Bristol Cathedral stands out as one of the oldest of its historical sights. It was founded in 1140 by Robert Fitzhardinge, originally as Augustinian abbey. It was only in 1542 that it was converted to a cathedral. It is obvious from the wall paintings, carvings, mosaic floors and even gardens that the Saxons heavily influenced the design of the cathedral. It is an excellent place to go and visit, especially for those wishing to experience peaceful and spiritual surroundings. If you arrive at the right time you might even get to listen to their outstanding choir, accompanied by an ancient organ.

‘The Matthew’ was a small sailing ship given to John Cabot of Spain by Henry VII, so that he could fulfil his dream of setting off on a voyage of discovery. With a crew of only eighteen men he set off west from Bristol in spring, and via Ireland, it is thought he reached the coast of Newfoundland. He returned in late summer of the same year with proof of his accomplishment, and was pronounced a hero. In 1994, a replica of the ship was produced using traditional methods, and as a near perfect match stands as one of the truly great historical sights of Bristol.

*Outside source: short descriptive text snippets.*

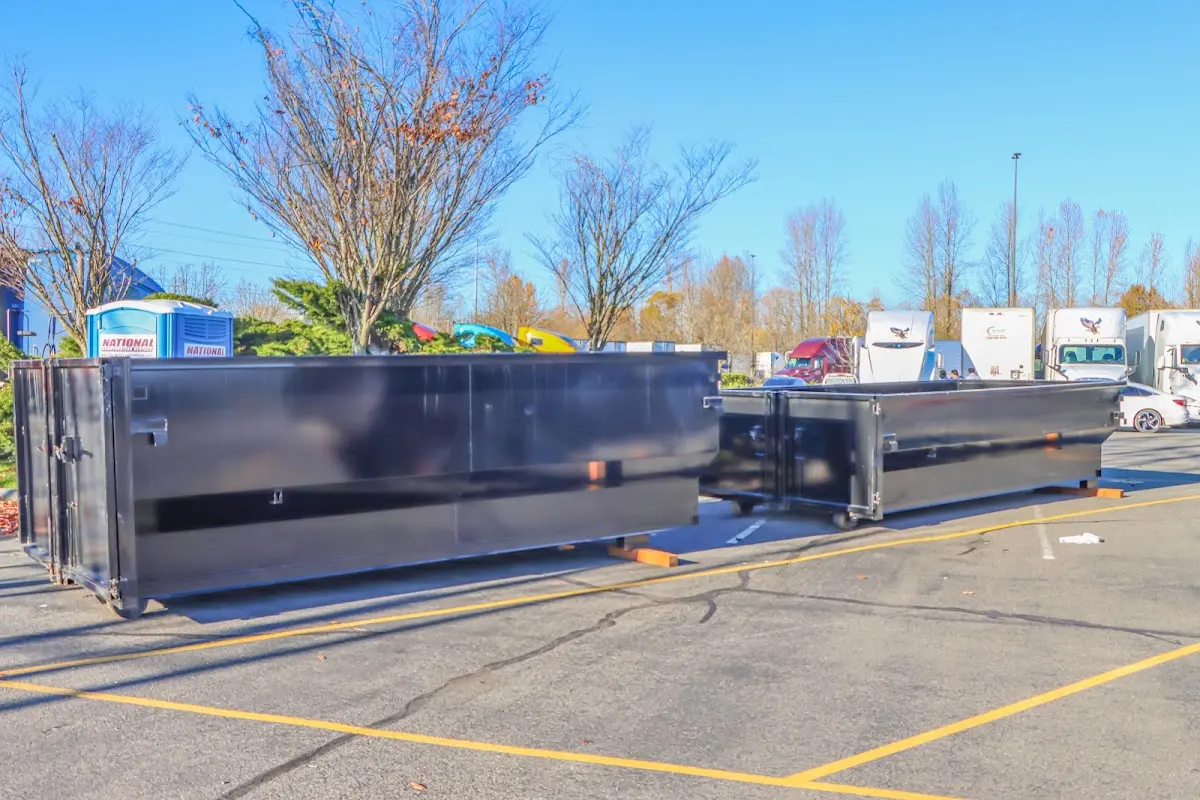 Professional dumpster rental service with roll-off container on residential driveway in August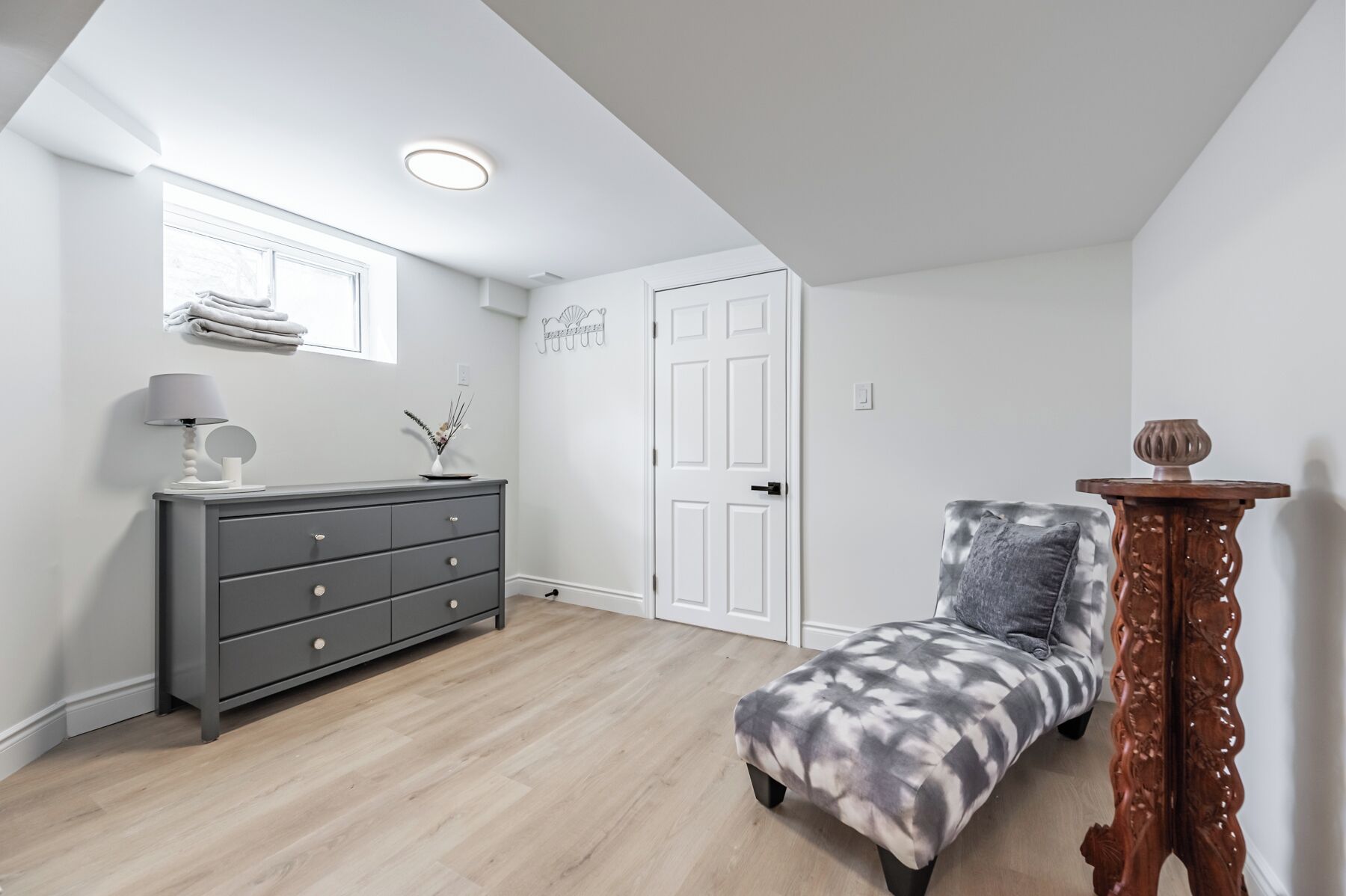 A room with a grey dresser, a chair, and a wooden side table.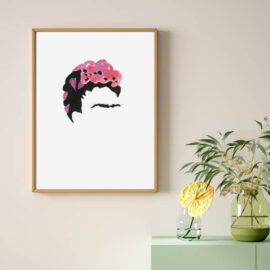 Abstract painted portrait of Frida Kahlo framed on a pink wall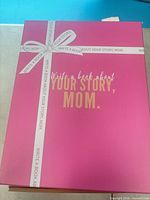 closed pink gift box with ribbon graphic and gold text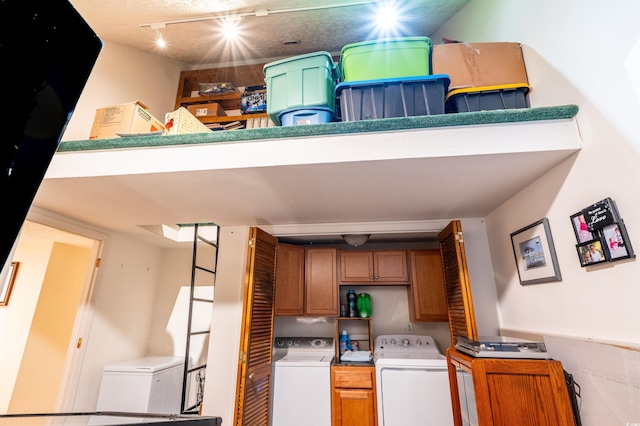 kitchen with track lighting and refrigerator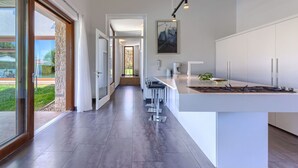 A modern kitchen with a large island, a dining area, and a view of the outdoors. - Beautiful private villa with hot tub, A/C, private pool, WIFI, TV, terrace and pets allowed (Pazin)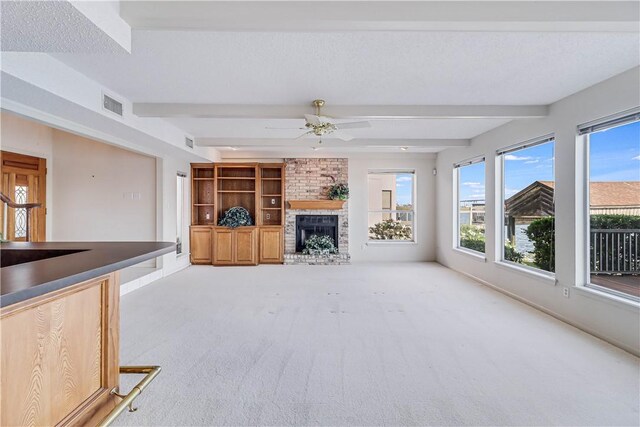 13714 A La Entrada St, Corpus Christi, TX 78418 - unfurnished living room featuring beam ceiling, carpet flooring, a fireplace, ceiling fan, and baseboards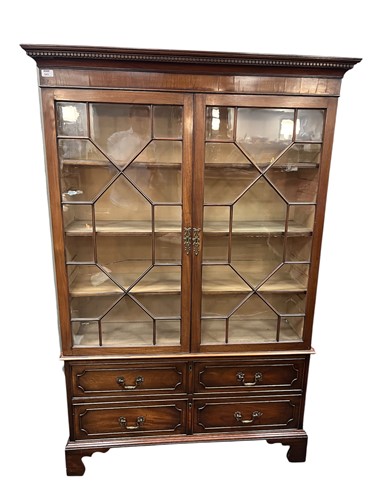 Lot 543 - A George III style mahogany glazed book case,...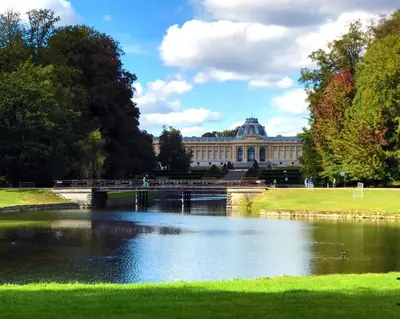 a large building with a bridge over a river at Hyggehus Tervuren in Tervuren
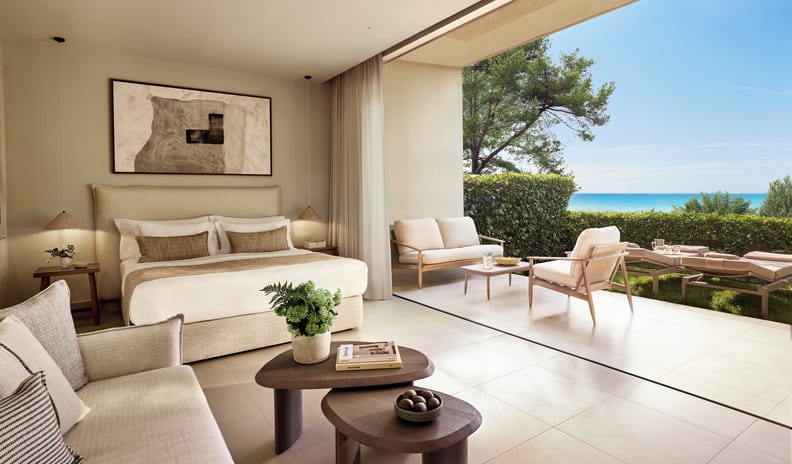 Deluxe Double Room Private Garden Sea View king-size bed, indoor sitting area, and large sliding doors that open seamlessly onto a private sun-drenched patio overlooking a calm blue ocean at Sani Club by Kenwood Travel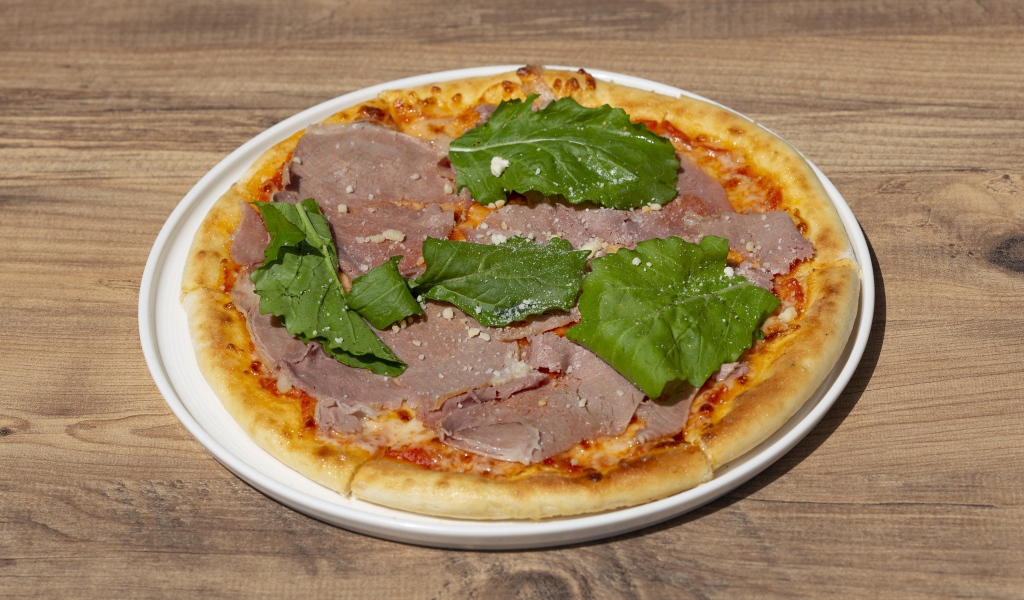 Пицца с кусочками мяса и зеленью на столе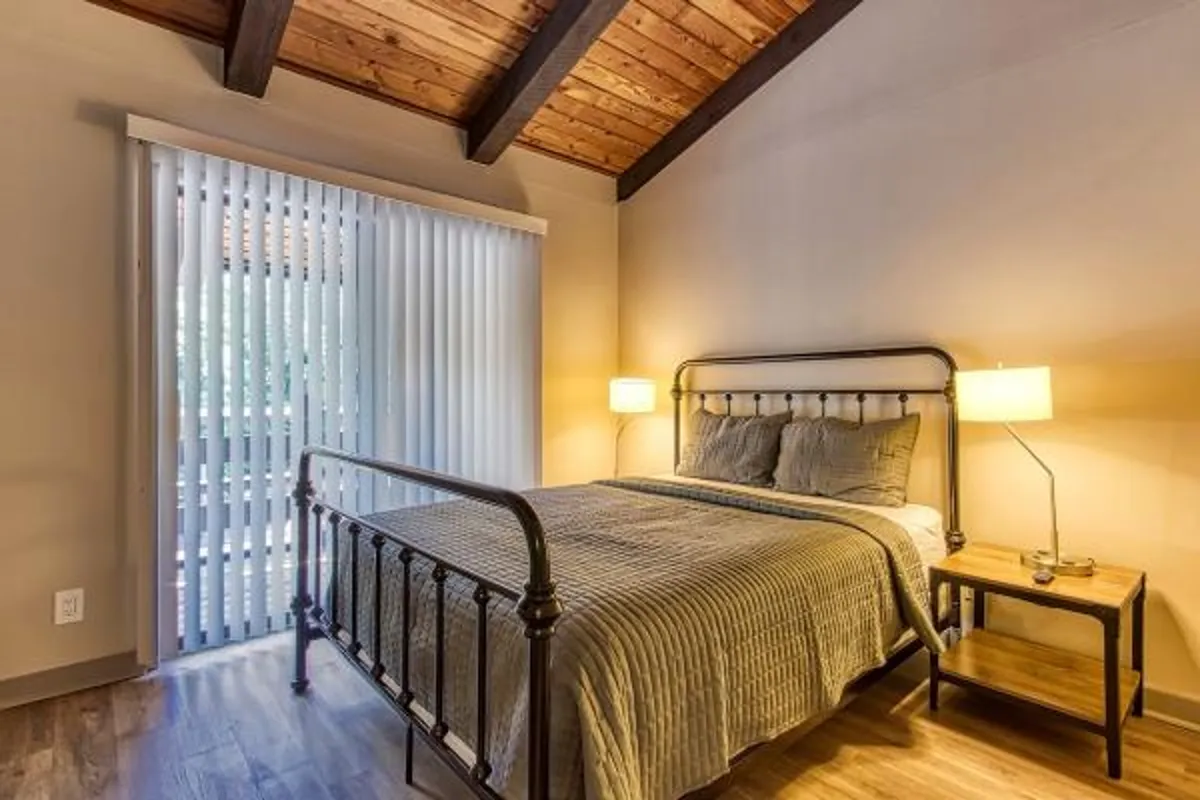 A tranquil bedroom featuring a comfortable bed with soft bedding, a nightstand, and a warm lamp casting cozy lighting. The overall atmosphere feels peaceful and perfect for unwinding after a day of adventure.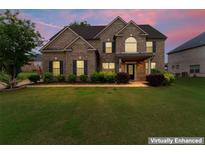 Charming brick two-story home with a well-manicured lawn and inviting curb appeal at twilight at 162 Aylesbury Blvd, Mcdonough, GA 30252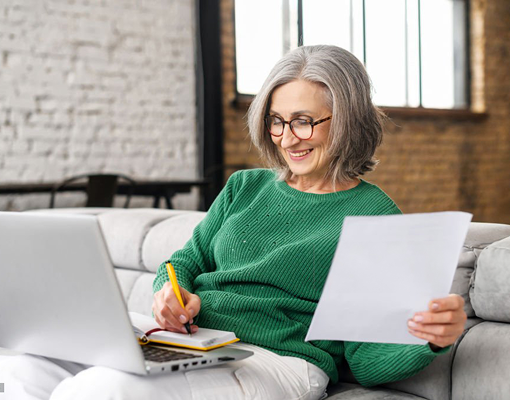 A woman writing notes while looking at a laptop.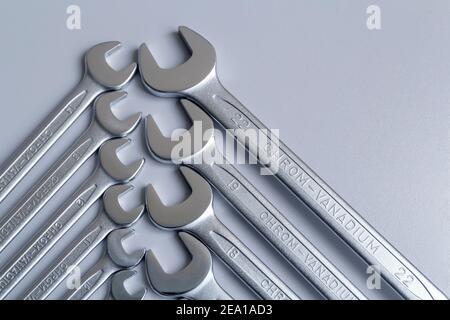 Cut-out wrenches horizontally placed from the biggest to the smallest in a row. Hand tool. Tools for carpentry work. Type of fastener. Mend and repair Stock Photo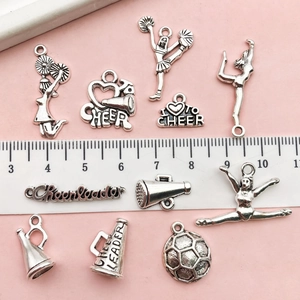 Macro detail of antique silver cheerleader charms with scale ruler on pink surface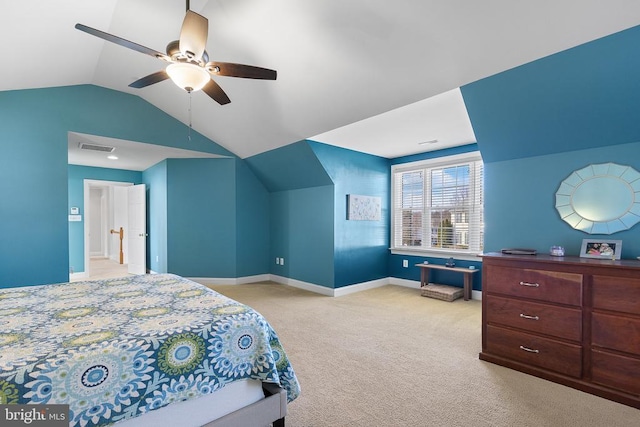 bedroom with carpet flooring, vaulted ceiling, baseboards, and a ceiling fan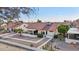 An elevated angle displays a well-kept home, xeriscaping, and an inviting outdoor patio area at 13942 W Summerstar Dr, Sun City West, AZ 85375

The Clifton suspension bridge is an example of superlative British architectural design and engineering combined. The money for the bridge was put up by a William Vick, who died before the undertaking of the building of the bridge occurred. In 1829 there was a competition in which the winning design would be the one used for the bridge. Telford was the winner, but due to the tremendous lack of popularity for his design, the job fell to Isambard Kingdom Brunel. The bridge, of his Egyptian style design, was completed in 1869, some time after his death. It stands 240ft above the river, and in modern times is lit at night by over 30,000 light bulbs.

Harvey’s wine cellar can still be found in the same place as it was more than 800 years ago. The cellar had previously been storage rooms for a monastery. Many of the original artifacts and books used for wine making are still there, and act like a magnet for tourism. It is also possible to sample Harvey’s Bristol cream, an excellent sherry first produced over 200 years ago.

If you were to tour Harvey’s cellar, you would undoubtedly see various blue bottles. These bottles are made out of Bristol blue glass. The colour of the glass comes from cobalt, which was originally mined in Saxon times. It acquired the name of Bristol blue glass because Bristol was the main import centre for cobalt. It remains a popular souvenir for people to take away from Bristol, to remind them of all the historical sights that they witnessed.